Kumasih disini memandang gemerlap matahari di larik langit, jika kau disini maka akan kukisahkan padamu dan kubisikkan indahnya itu Kantil. Andai kau disini duduk disamping melihat semua ini. Kulihat anak-anak kecil bermata biru dan berkulit putih pucat berbintik merah berlari menyusuri derai ombak menyibak pasir pantai Kuta. Para beach boys mengosok pantai selancar sambil menunjukan badan yang hitam six pack jadi daya tarik sensual bagi turis bule.
Tak terasa terik matahari sudah diubun-ubun dan aku cuma berkeliaran genangan pasir, aku lupa harus menghubungi seseorang diujung telpon. Secarik kertas berisikan nomer yang kudapat seorang kenalan sewaktu di Malioboro, kucoba mencari box telpon koin. Tapi tak kutemukan karena box telepon koin langka dan jika kudapati pasti bobrok. Gagang hilang atau dibobol tangan-tangan jahil untuk recehan seratus rupiah, aku sampai blusukan masuk gang Poppies juga semua kondisi nahas. Jaman sekarang box telpon koin sudah tergantikan wartel modern, bisa telpon berjam-jam tanpa kuatir antrian dibelakang.

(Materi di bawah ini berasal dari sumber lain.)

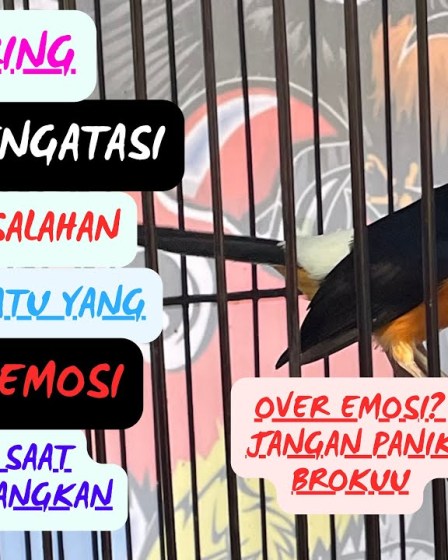 Rawatan Murai Batu Over Emosi: Tips dan Teknik Efektif Rawatan Murai Batu Over Emosi: Tips dan Teknik Efektif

Kurogoh sesuatu didalam saku celanaku, terlihat 5 koin terdiri 25, 50 sampai 100 rupiah. Sial kataku, ini saja uang yang ada pada diriku. Aku hanya tepok jidat tapi diujung jalan itu terlihat wartel. Tapi hanya memandangi depan pintu wartel dan mematung. Keraguan masih menyelusup di hati ini, cukup atau tidak untuk menelpon. Detik meluncur ke menit bergulir hampir ke jam, kaki masih mengakar di aspal.

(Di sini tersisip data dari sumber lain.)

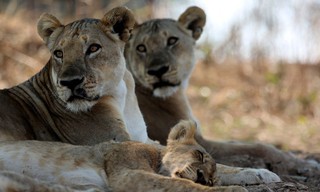 Sambia - Das Reich der Löwen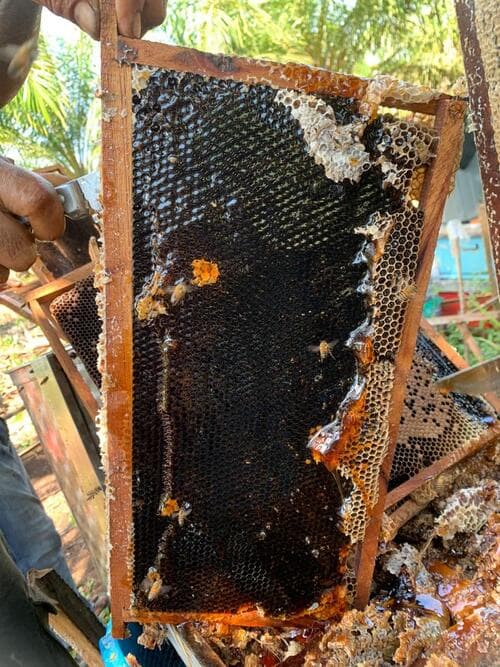 Honey harvesting process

Tiba-tiba pintu wartel itu terbuka, seorang pemuda kisaran umur 20 puluhan keluar dan memanggil kearahku. Pemuda ini mempersilahkan diriku masuk wartel
"Masuklah kawan"
Sapaan ramah kepadaku bagai magnet, aku tersedot tak sengaja. Pemuda ini tahu apa yang kumau, ia menunjukkan box nomer satu untuk masuk. Dia bilang gratis tak usah bayar, kumasuki bilik itu dan kupencet tombol-tombol angka untuk memanggil seseorang disana. Tapi hanya bunyi tuts..tuts menyapa disana, ku ulangi beberapa kali masih tulalit. Ah..betapa bodohnya aku, secarik kertas itu ada nomer terhapus 2 angka belakang terkena air entah darimana.
Akhirnya kuhempaskan badanku ke kursi wartel, termenung tak tahu harus gimana. Apalagi itu satu-satunya harapan untuk bisa menyambung hidup di sini, bingung tujuh keliling memikirkan itu.
"Plaaak!!"
Pundak ini disentuh tangan, aku menoleh ternyata pemuda tersebut.
"Jangan kuatir, kau bisa tinggal disini"
Betapa bergairah diriku mendengar hal tersebut, pemuda yang kemudian ku kenal bernama Mukiyo. Ia juga perantauan dan paham kondisiku, disini Mukiyo bekerja sebagai pekerja wartel 24 jam di kawasan Poppies. Pemilik wartel adalah seorang bule keturunan Ostrali yang menetap di Bali, Max Don nama itu yang kudengar. Mukiyo berkata kau bisa tidur dan mandi di dalam wartel, entar kukenal dengan Max Don.
Kesialanku berganti kulit keberuntungan.
***
Pria itu jangkung mungkin hampir 2 meter, kulit putih berbintik merah, berkepala plontos dan mulutnya selalu menyunggingkan senyum merekah. Siapa pun yang berpapasan dengannya pasti merasa membuncah gairah, Max Don dikenal murah senyum dan suka bergaul. Bahasa Indonesia dan bahasa lokal dikuasai dengan fasih memudahkan berkomunikasi masyarakat sekitarnya. Max Don jatuh cinta dengan Bali semenjak menginjak kakinya disini bahkan sudah berganti agama Hindu leluhur turunan Majapahit ini.